Relationships =/= love. You can seek a relationship, and you can want love in the relationship, but you can't force love. Boney said just about as much, with the whole "you can't control love" thing. If you attempt to superimpose love onto a relationship, it's likely going to experience turmoil. If you're calling a relationship love then that's an issue with how you read my statement. Reread that statement you bolded a couple of time and tell me where in it that I said relationships find you. You can't, because I said love finds you. I totally agree you should seek out relationships if you want them! But if you want ones that flourish, affection ideally happens before you jump into the relationship. Nor did I ever claim that relationships are effortless. Of course you have to put effort in, but a good relationship usually (but not always) feels effortless because the amount of enjoyment in it dwarfs the effort required.

While girls should not directly ask guys out, they can do many things that influence the guy to ask them out. Girls CAN ask guys out, but in most cases will be rejected unless they have a more dominant or assertive personality (which I assume is not true of most females on this site). I'm not saying this to be sexist or anything, but this is the reality and you can ask some of your female friends who have been in relationships about this.

"I'm not trying to be sexist, but girls should not directly ask guys out." So where does that leave the girls? You say people should seek out relationships if they want them, but you're saying girls should "influence" things instead of directly attempting to get a relationship? Assigning gender roles is already misunderstanding the basis of love, since true relationship love (the dating/marriage kind) is founded on equality.

There is no friendship prerequisite for a successful romantic relationship. While I do agree that friends make better partners because you have a natural affinity, you should not waste your time with everyone going through the stage of friends to romantic partners. In most cases, jumping to romantic partner is fine and be just as good as friends turned romantic. Plus, you won't jeopardize a friendship you already have.

I didn't say you had to be friends first, but there has to be that kind of "click" that there is with friends. But if it's just romantic then, as I said, you are dating for the sake of dating, which is generally doomed for failure--for example, most high school relationships tend to end because people are in it just for the dating--I've seen it happen with most of them. To sum it up concisely, "your girlfriend/boyfriend should also be your best friend." Don't jump to the conclusion that I'm saying you should throw your actual best friend away; I'm saying you should have a similar level of friendship love with your significant other.
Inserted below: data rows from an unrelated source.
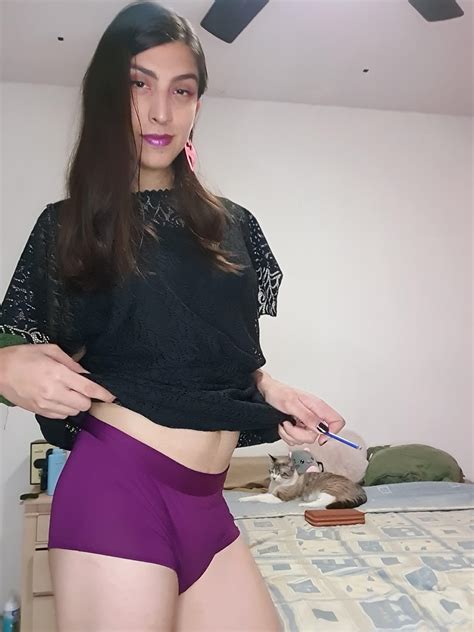 tranny hot|Big surprise under the skirt : r/Tgifs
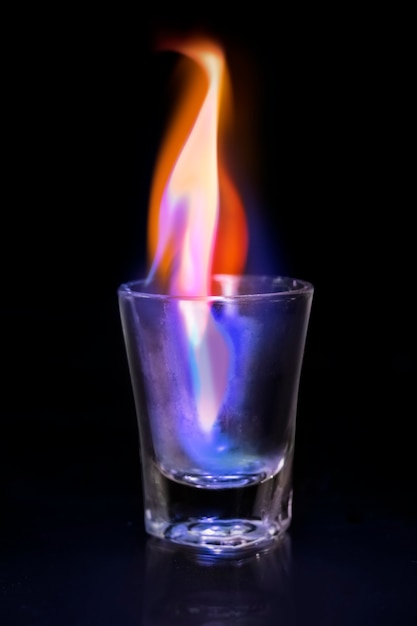 ¡Increíble! Conoce la historia nunca antes contada de Fuego y Agua.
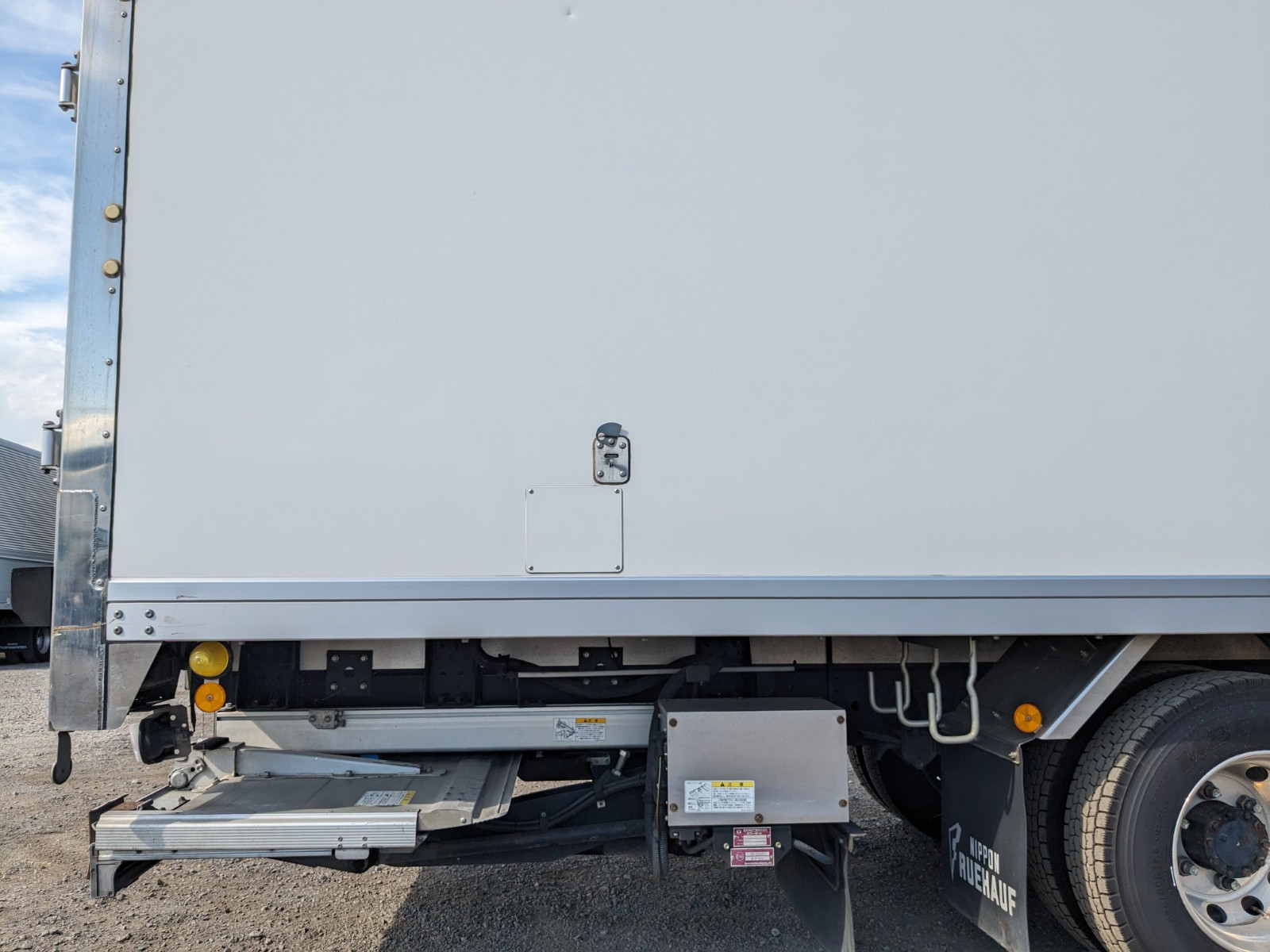 いすゞ フォワード TKG-FRR90S2(2WD)の写真33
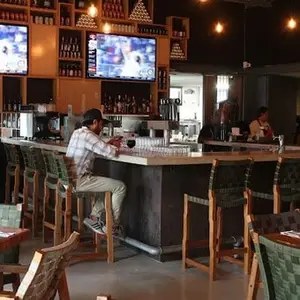 Restaurante Hermana República Xcanatún 7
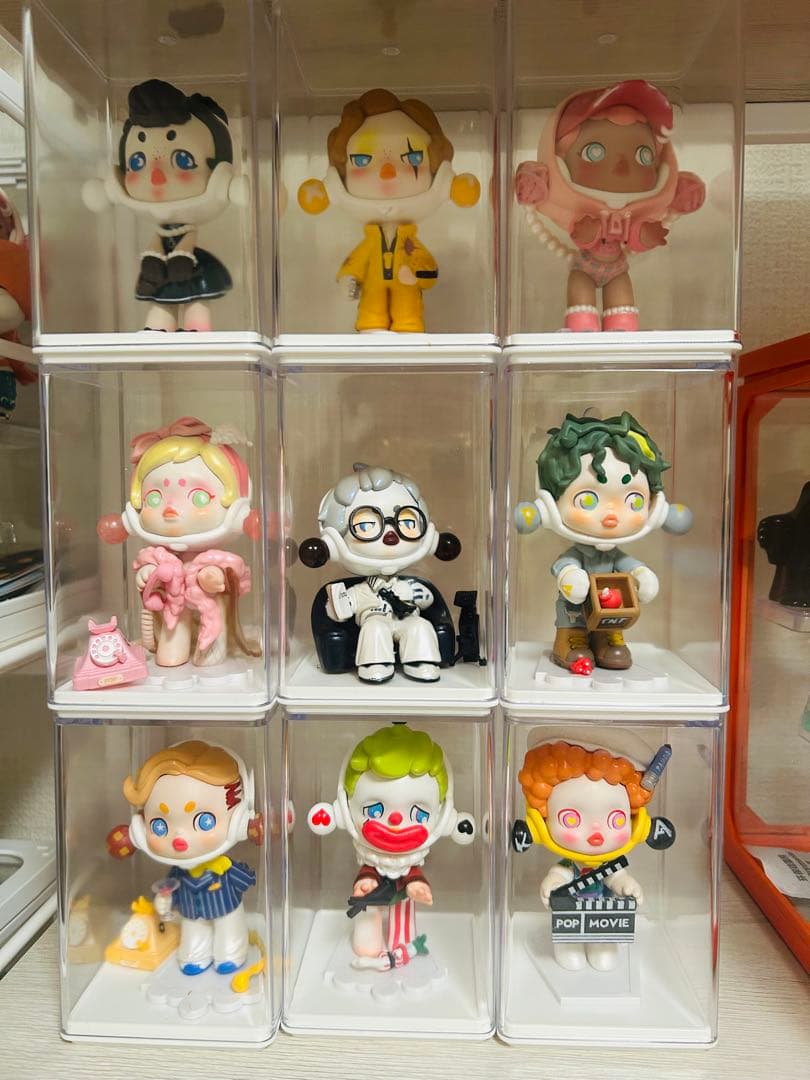 カラフルフィギュア 9体セット 内に隠しアイテム1点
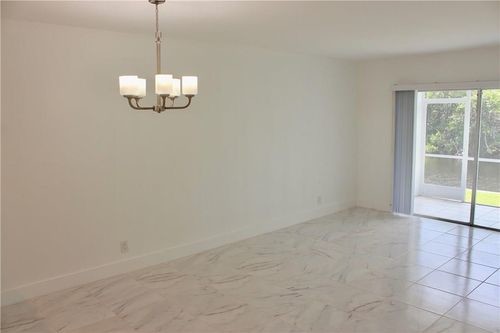 Building Photo - 1400 NE 53rd Ct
I don't see anything wrong in changing your appearance for the other gender. It is as natural as mating dances other animals do to attract mates, only a lot more subtle. Both men and women do it. Everyone can stand to improve their appearance, either through effort or spending $. Once you have settled into a relationship (I.E. married, not dating. Dating is too early to be settled) or are not interested in a relationship, you can dress how you want.
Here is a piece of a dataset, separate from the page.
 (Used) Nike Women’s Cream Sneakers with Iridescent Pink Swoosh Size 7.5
I remember seeing somewhere else on this site someone posted a great example of why your line of thinking here is wrong (sorry to who it is that I'm not crediting you, I can't remember). They said that they had a guy friend who was ugly as sin, yet was very charismatic and attracted a lot of people via his personality. Another friend of mine told me that she ended up finding her boyfriend attractive as a result of dating him--that she naturally became attracted to him over time. I especially take issue with your statement that you can basically "let yourself go" after you've married someone. So, what? You're just putting on a mask and then you take it off once you've tied the knot and say "Surprise! I only looked like that so you would be attracted to me, but now I don't give a fuck anymore! : )" If a person judges based off of appearances, then that's the real filter--they're too shallow to care about what's important.
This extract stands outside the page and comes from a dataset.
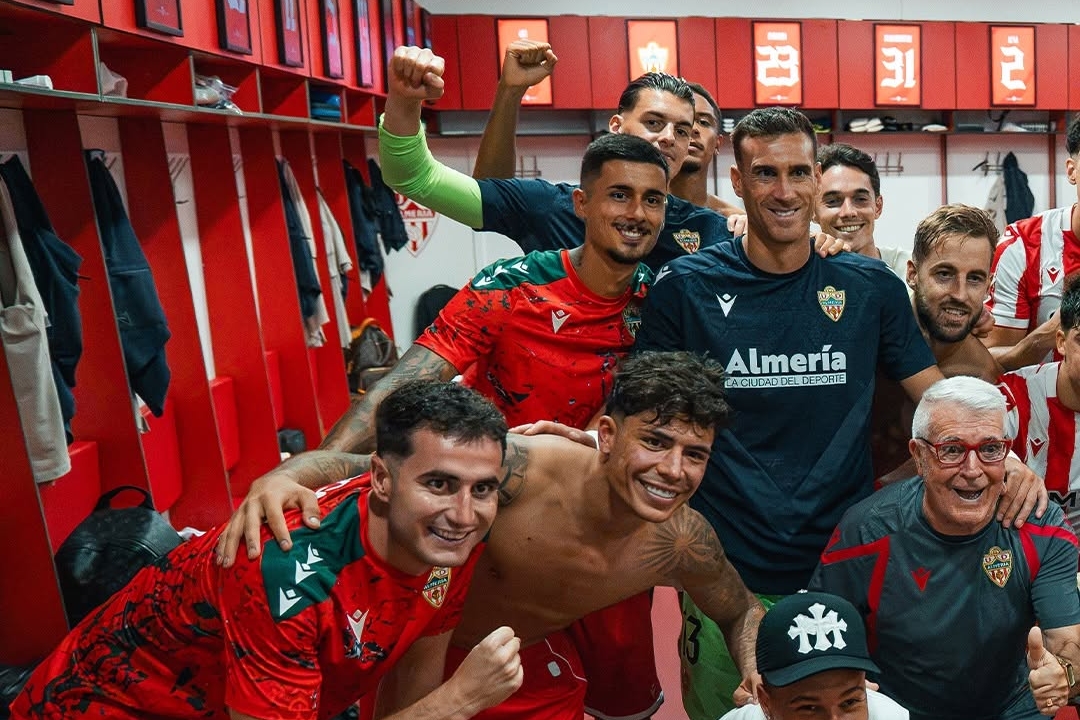 Cipenga Shines as Almeria Hold Off Cadiz 3-2 in Segunda Thriller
One more thing: Personality should be the last thing you think about about before you start dating a stranger. Unless it is something outrageous, you will never truly know what a stranger's personality is like until at least a couple of dates. You are safer with dating friends in this regard because you already know their personality, but let's be realistic: making a move on friends can disrupt your social circle. In addition, you may not have many close friends of the opposite gender. Dating friends or strangers; there is a risk-reward for both of these and they're just about even IMO. I prefer to leave my social circle intact and date strangers because there is the possibility of your social circle growing and there are few repercussions (other than maybe wasted $ and time).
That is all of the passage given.